**EXERCISE BRIEF:** Only the lines from the one containing "Ducati XDiavel Nera" through the last line of the material should be copied, exactly as written and without pictures.

**SUPPLIED MATERIAL:**
-.-.-
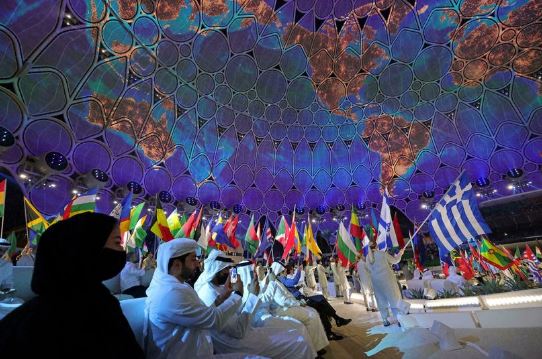 إيكونوميست: السيسي مادة سخرية في إكسبو دبي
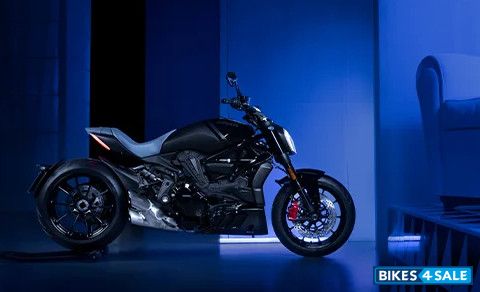 Ducati XDiavel Nera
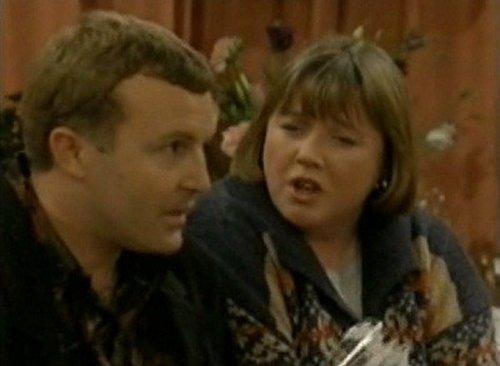 Birds of a Feather Season 7 Episode 3 - Cheers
-.-.-
**YOUR RESPONSE:**
 Ducati XDiavel Nera
 Birds of a Feather Season 7 Episode 3 - Cheers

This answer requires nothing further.